By contrast, “ABC World News Tonight,” anchored by David
Muir, has averaged 8.712 million viewers year-to-date, and “NBC Nightly News” with Tom Llamas, 6.977 million.
But earlier this month for the week
of March 9-13, total audience for “CBS Evening News” dipped below 4 million to 3.845 million, then came back up the week of March 16-20 -- the most recent week for which weekly averages
are available -- to 4.166 million.
In the demo (25-54), “Evening News” has been averaging 503,727 viewers in Q1, slightly less than half of what
“World News Tonight” and “Nightly News” have had -- at 1.087 million and 1.044 million, respectively.
The point is that with all of
Bari Weiss’s hard-charging talk about blowing things up at CBS News, it is the same old story at the division’s flagship broadcast.
Weiss, 42,
was installed as editor in chief of CBS News last October.
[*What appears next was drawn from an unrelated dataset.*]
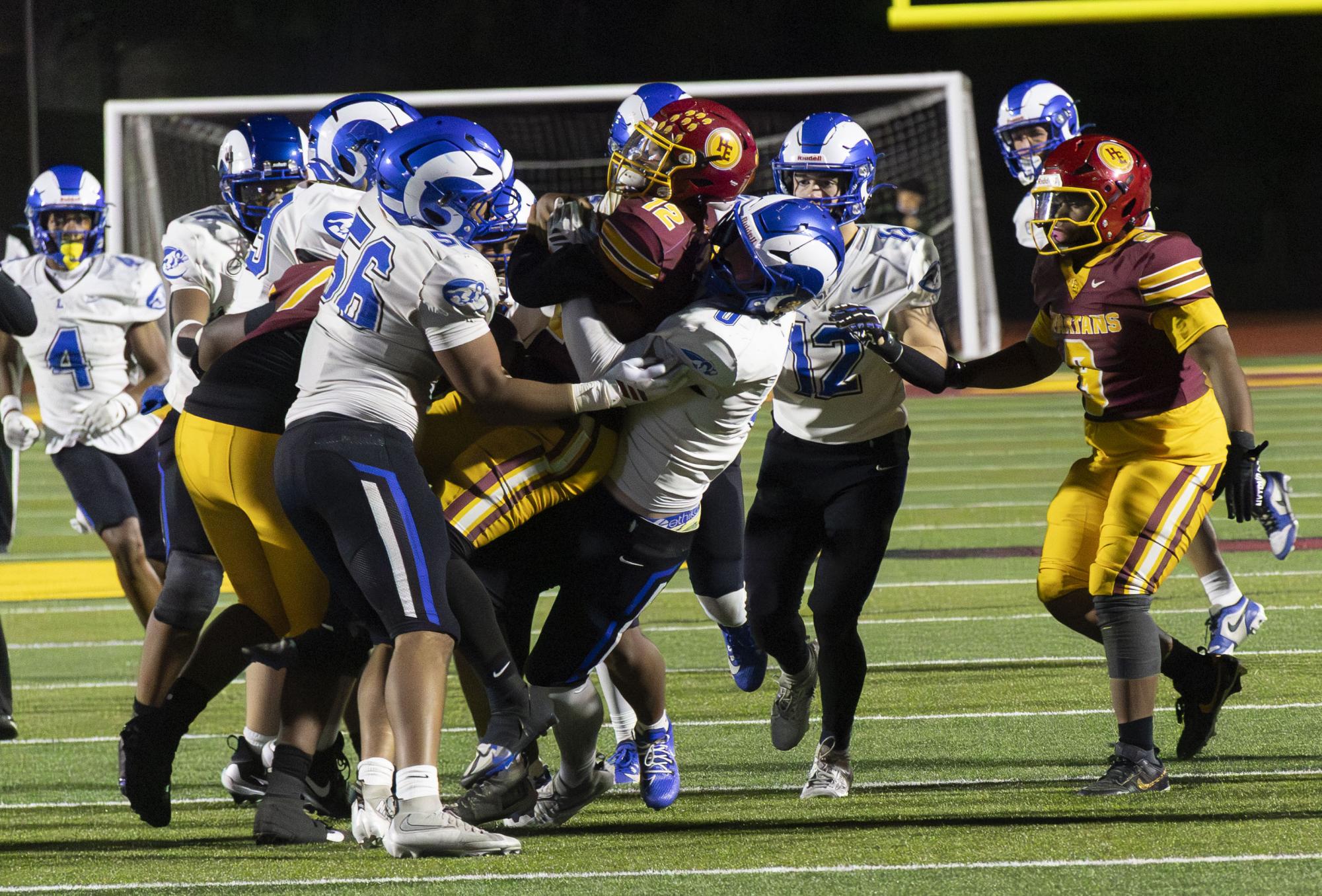 Ladue Football overcomes Hazelwood East with a comeback score of 21-19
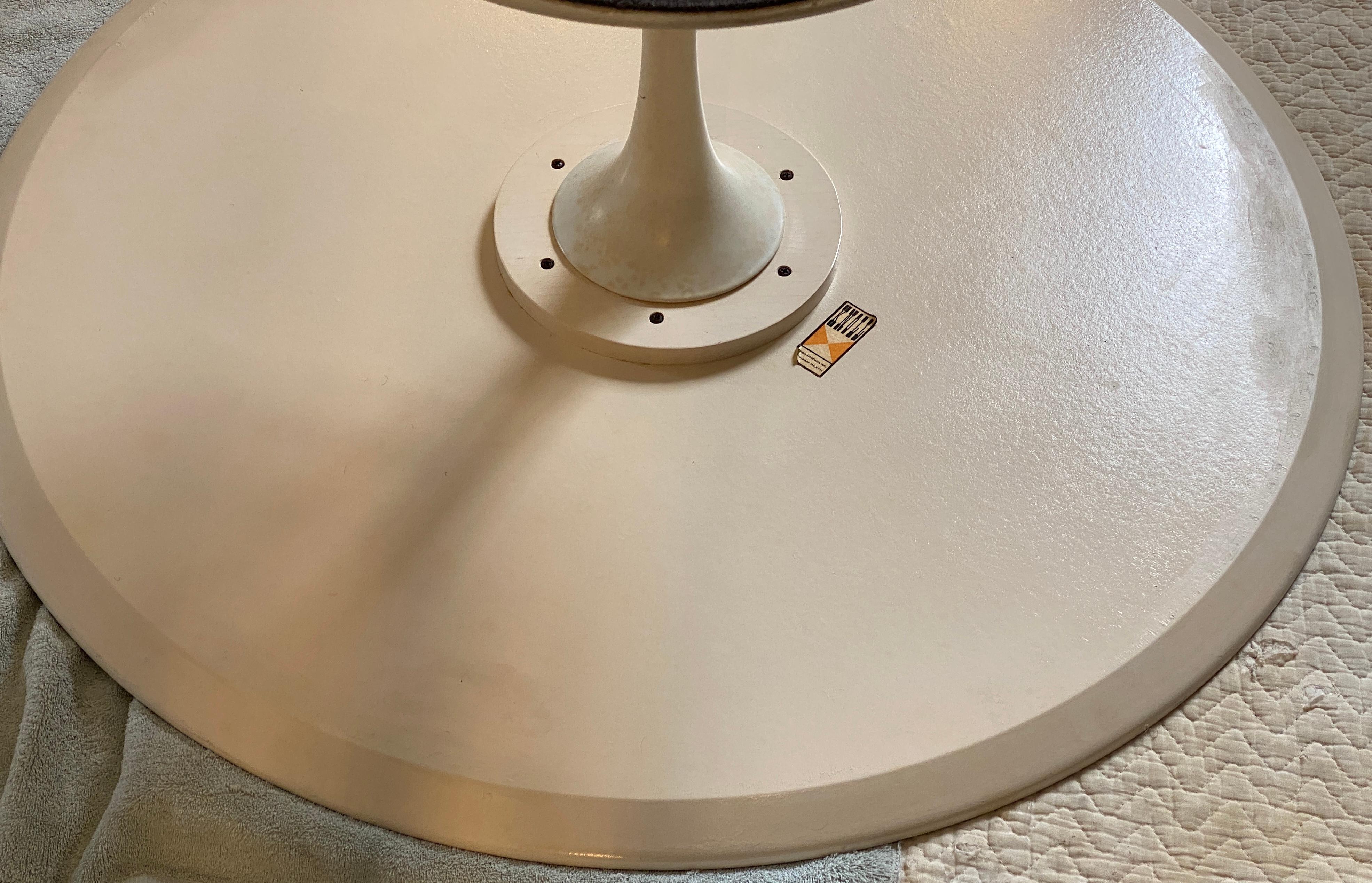 Tulip Cocktail Table by Knoll Furniture In Good Condition In West Palm Beach, FL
Last year as she got settled into her new job, she told CBS News staff that she intended to “blow this up.”
She also predicted dire consequences for CBS News unless its traditional strategy is overhauled.
“Our strategy until now has been [to] cling to the audience that remains on broadcast television,” she has been widely quoted as saying. “I’m here
to tell you that if we stick to that strategy, we’re toast.”
Since October, Weiss’s most visible moves were the decision to replace last year’s
“Evening News” anchor team with Dokoupil as solo anchor, and the decision just last week to shut down CBS Radio News.
The anchor change is a page right
out of the stodgy strategic playbook that she asserts will eventually come to doom the news division.
But the shuttering of the last vestige of CBS’s
radio past represents the kind of blowing things up that she has vowed to do.
So, what’s it going to be then, eh? Clinging to the old ways or blowing
them up?
So far, it’s been a little bit of both.